Les deux jeunes femmes gloussèrent, telles des dindes, et la plus élancée jaugea Jack du regard. Elle se mordilla la lèvre. Il se lissa la barbichette.
— Quels sont vos noms, Messieurs ? demanda-t-elle d'une voix aiguë.
— Je me présente ! Cap'taine Jack Sparrow, pour vous servir...
La demoiselle rit aux éclats et s'accrocha à son bras avec ferveur. Puis, en témoignage de sa corruption par la canaille du beau monde, elle lui lança un regard fiévreux.
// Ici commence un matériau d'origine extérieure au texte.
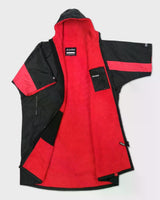 DRYROBE Advance Short Sleeve rot-schwarz, Funktionsrobe mit Kapuze, flache Ansicht, geöffnet mit Innenseite sichtbar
— 'suis fauché, j'ai tout donné pour une dernière bouteille, prévint aussitôt Jack.
— Pas comme le temps, je présume, persifla la jeune femme en commençant à se détacher de lui.
— Oh, j'accepte d'en perdre avec vous, si tel est votre souhait, ma colombe...
Et c'est ce qu'il fit. Avec grand malheur car il en resta profondément ensommeillé, sans même entendre l'arrivée tonitruante des autorités anglaises.
L'Ouest de l'Île de la Tortue avait été repérée, pour la première fois en toute l'histoire de la piraterie. Un navire du Port Royal avait accosté, avec lui une flotte de trois autres bateaux qui firent retentir le bruit de leurs canons. Ce fût sans attendre que le village se réveilla et que les habitants sortirent de leur maison, intimant à femmes et enfants de prendre la fuite et de se cacher.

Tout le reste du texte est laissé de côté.